Here are the seven lessons Martinovich thinks readers can take away from his story. He believes that any one of these lessons, had he acted other than he did, might have spared him from prison.
- Never settle. “If I had fought more in the regulatory environment, then the matter wouldn’t have ended up as a criminal matter,” Martinovich says. “Had I decided to fight FINRA harder, had I refused to settle and prevailed [in the administrative process], then I might have paid a fine, but FINRA would not have handed my file over to the Justice Department, where the fact that I settled was used as evidence against me.”
- Do not agree to any regulator’s informal requests to be part of experiments such as beta tests, early adoptions, surveys or anything that attracts attention. Firmly decline any informal overtures for interviews, data or documents. “It’s tempting to be helpful,” Martinovich notes. “Maybe you think it’ll earn you some points down the road.
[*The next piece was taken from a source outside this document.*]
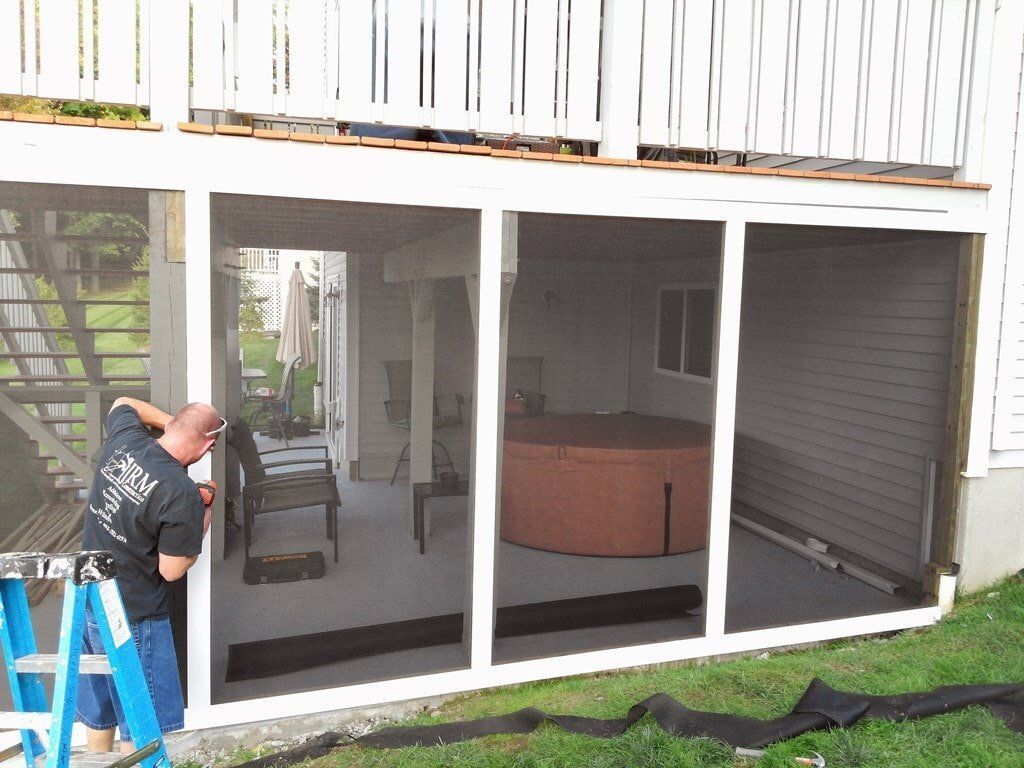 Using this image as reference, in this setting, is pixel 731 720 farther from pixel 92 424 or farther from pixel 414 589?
pixel 92 424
It won’t.”
- In a compliance exam, audit or investigation, assume that the overarching motive of the regulators is different from the stated reason.
- Understand that all the signoffs by the consultants, external auditors and valuation experts you pay won’t protect you. “The broker/dealer is ultimately responsible,” Martinovich says.
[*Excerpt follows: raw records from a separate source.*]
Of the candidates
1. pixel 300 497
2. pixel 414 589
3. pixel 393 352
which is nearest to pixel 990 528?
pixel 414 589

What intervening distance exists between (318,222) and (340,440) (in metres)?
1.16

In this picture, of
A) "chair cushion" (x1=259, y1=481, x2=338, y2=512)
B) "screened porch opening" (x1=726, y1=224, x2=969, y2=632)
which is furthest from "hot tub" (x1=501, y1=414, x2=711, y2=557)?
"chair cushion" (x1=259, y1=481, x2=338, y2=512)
- Don’t believe assurances that civil matters will not be referred to criminal authorities. “Such referrals happen all the time,” Martinovich says. “The fact of the settlement will become a key piece of evidence against you, despite the fact that court rules are supposed to prohibit this.”
- Manage your business as if every single text and email will eventually be inspected by regulators or a jury and will be presented in the worst possible light.
- Keep as much capital in reserve as possible against black swan events. “If regulators see that a target brokerage has a large war chest and is willing to use it, they will often back off,” he says.